MATERIAL TO PROCESS:
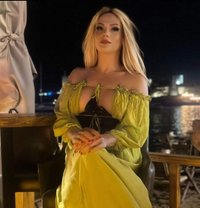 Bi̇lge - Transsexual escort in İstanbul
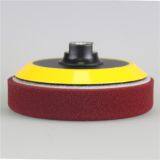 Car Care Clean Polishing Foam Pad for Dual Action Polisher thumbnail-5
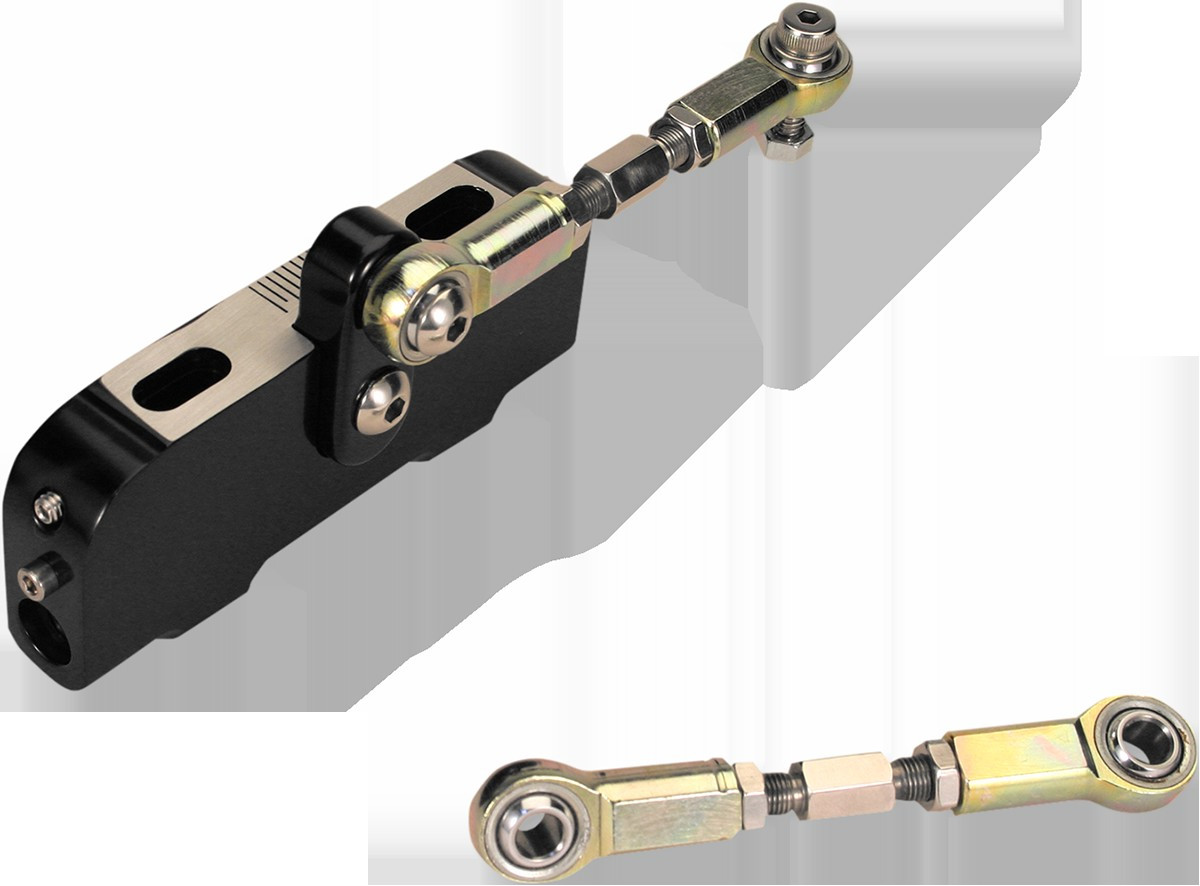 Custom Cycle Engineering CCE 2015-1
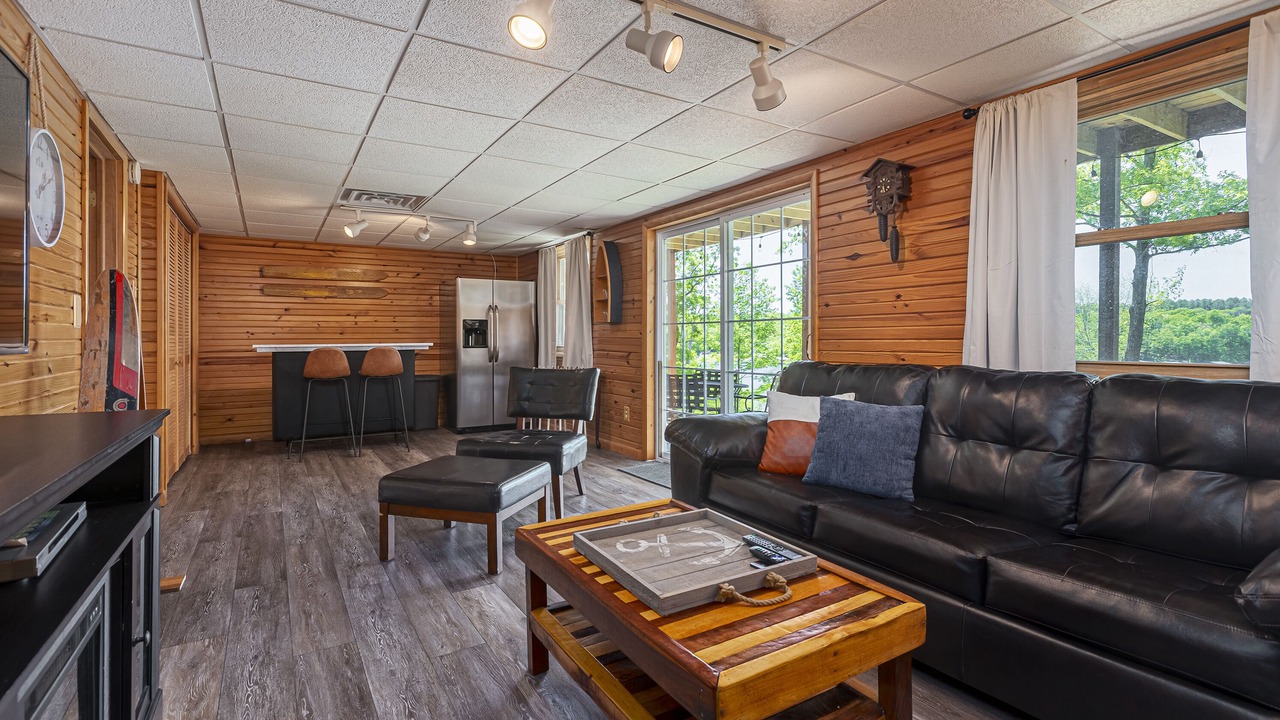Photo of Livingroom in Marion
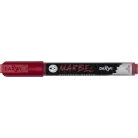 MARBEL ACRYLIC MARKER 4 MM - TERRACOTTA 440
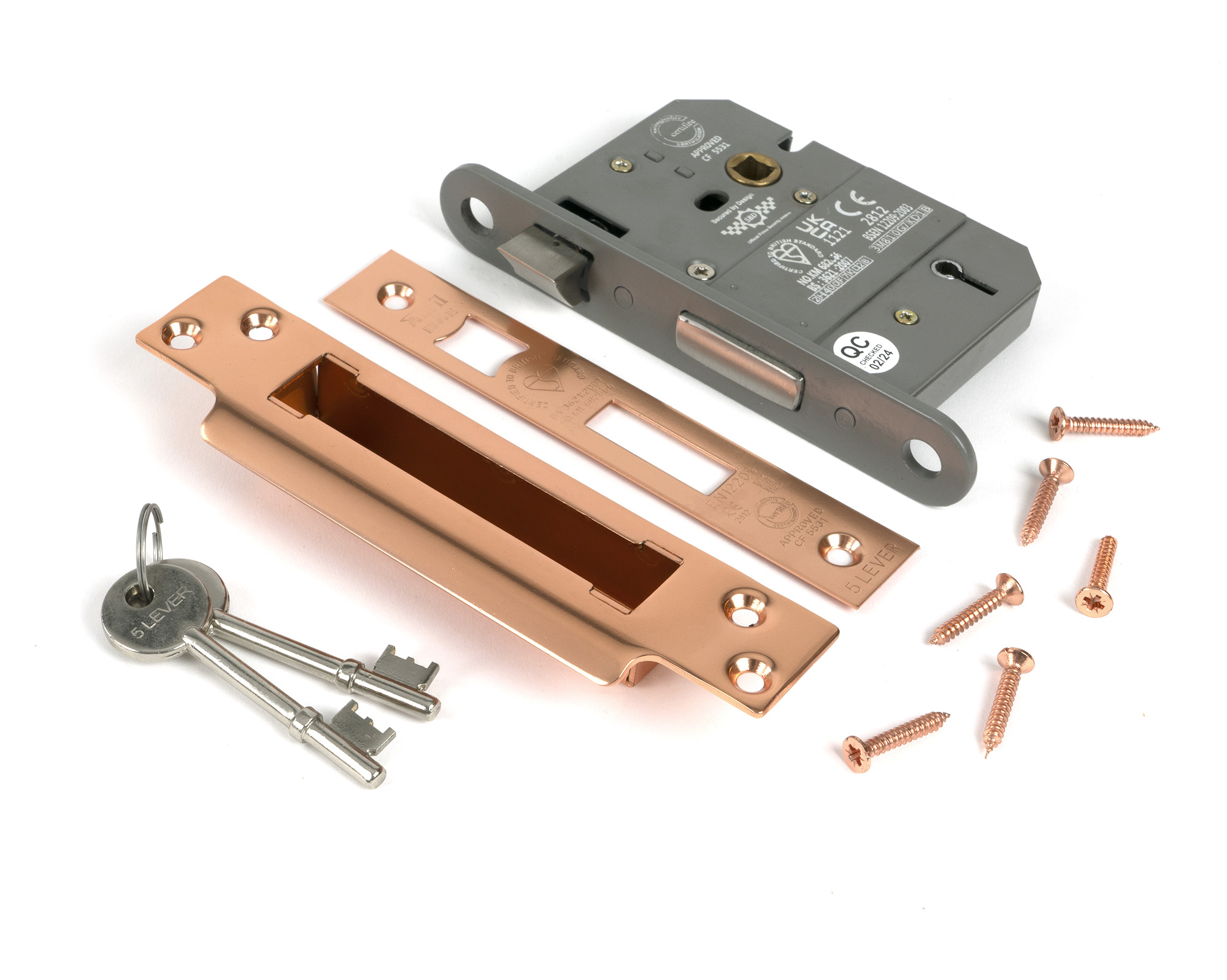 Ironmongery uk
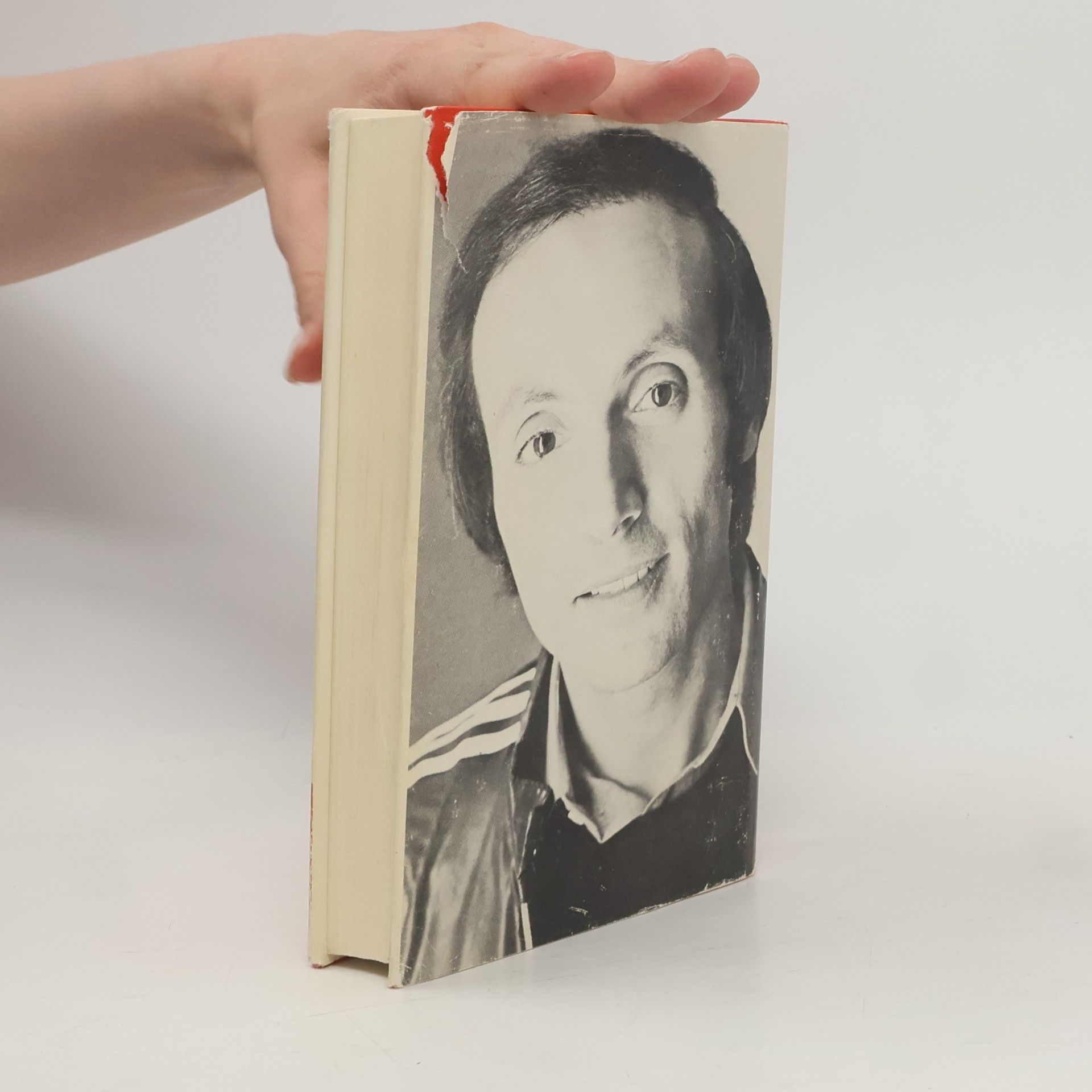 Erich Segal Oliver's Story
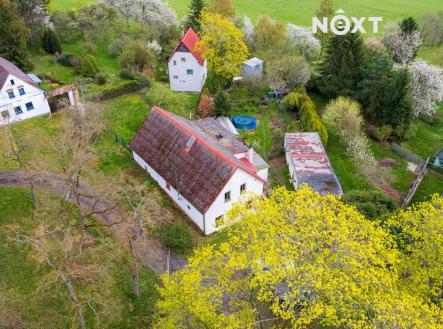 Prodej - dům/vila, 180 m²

WHAT YOU ARE ASKED TO DO: The output should hold only the lines from the one containing "Car Care Clean" through the last line of the listing, reproduced exactly, pictures omitted.

ANSWER AREA:
 Car Care Clean Polishing Foam Pad for Dual Action Polisher thumbnail-5
 Custom Cycle Engineering CCE 2015-1
Photo of Livingroom in Marion
 MARBEL ACRYLIC MARKER 4 MM - TERRACOTTA 440
 Ironmongery uk
 Erich Segal Oliver's Story
 Prodej - dům/vila, 180 m²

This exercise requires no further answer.